Names
- Full name: Central Hawks Football Club
- Nickname: Hawks

2012 season
- Home-and-away season: 11th

Club details
- Founded: 2005; 21 years ago
- Dissolved: 2012
- Competition: Southern Football League
- President: Nick Webb
- Coach: Todd Lewis
- Captain: Clinton Brown / Josh Nibbs
- Ground: Oatlands Recreation Oval Bothwell Recreation Ground

Uniforms
| Home | Away |

= Central Hawks =

Australian rules football club

The Central Hawks Football Club is an Australian rules football club currently in recess. It had been in the Southern Football League (SFL), in Tasmania, Australia.

==History==
The Central Hawks were formed in 2005 following the merger of Bothwell, Oatlands and Kempton Football Clubs from the Oatlands District Football Association. They entered the Southern Football League in 2006.

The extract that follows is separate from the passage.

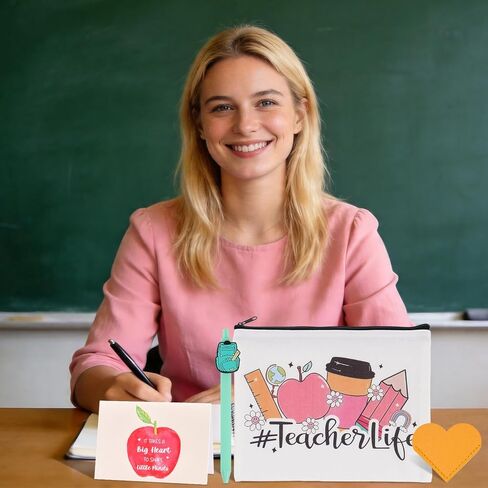 30Pcs Teacher Appreciation Gifts In Bulk With Makeup Bag Pen 50Pcs Stickers Sticky Notes Greeting Card Teacher Appreciation Gifts, Best End Of Year Teachers Gift For Women, Thank You Teachers Supplies in Kuwait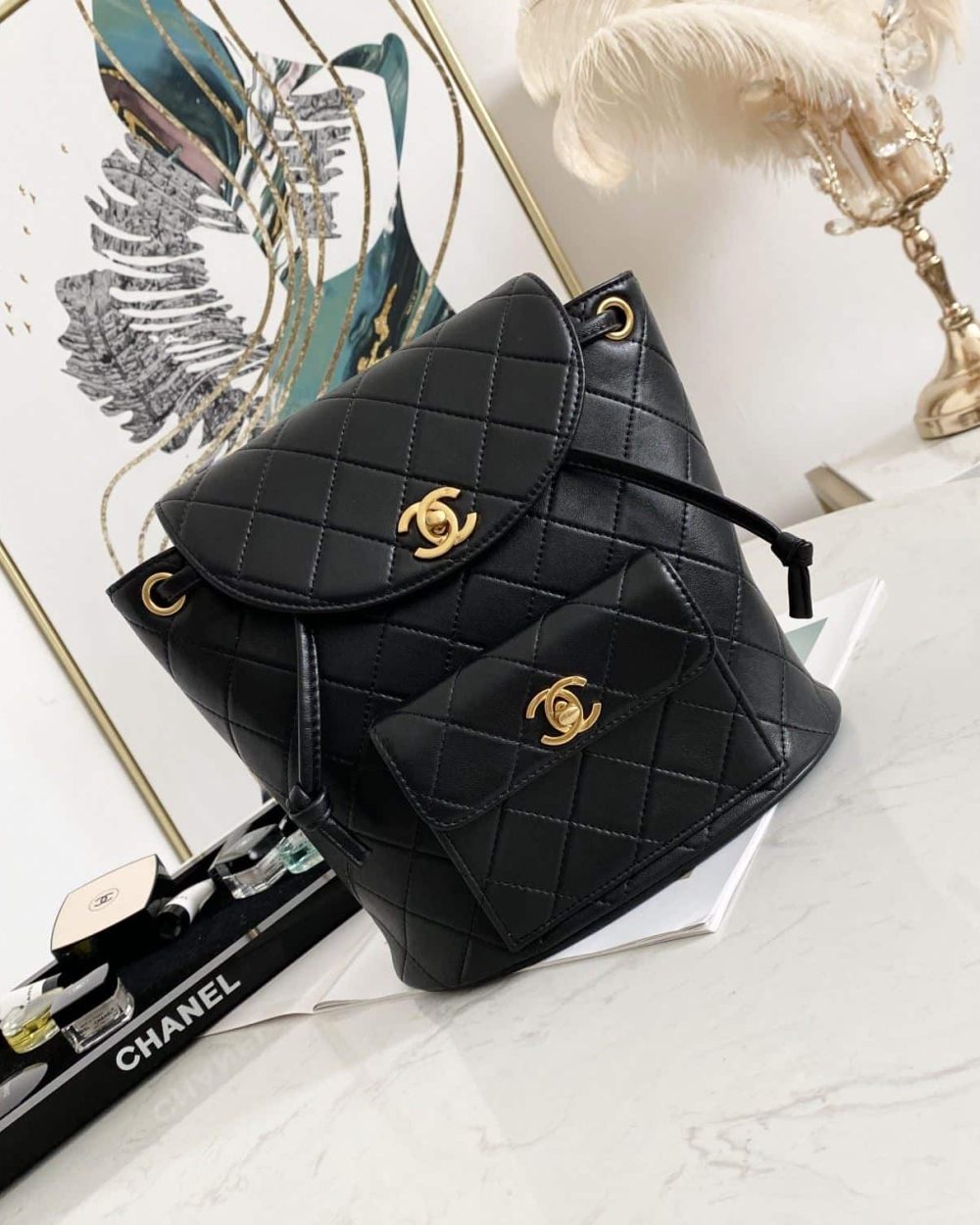 [REP 1:1] Vintage Duma Backpack Black/Brown For Women 8.3in / 21cm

In 2013, the Central Hawks were forced to go into recess because of a lack of player numbers. The Hawks first entered the SFL in 2006 as a combination of former ODFA clubs Oatlands, Bothwell and Kempton. But Bothwell has re-entered the ODFA for this year in its own right. It would be a ten team competition with a final five format.

==Records==
Entry to Southern Football League
- 2006

SFL premierships
- Nil.

SFL runner up
- Nil.

Finalists
- 2007, 2009, 2010

Results
- Games - 130, wins - 52, losses - 78

Club record games holder
- 119 - Leigh Wilson - as at End 2012 Season

Club record score
- Central Hawks 33.24 (222) v Triabunna 2.3 (15) on Round 4 2008 at Bothwell Oval.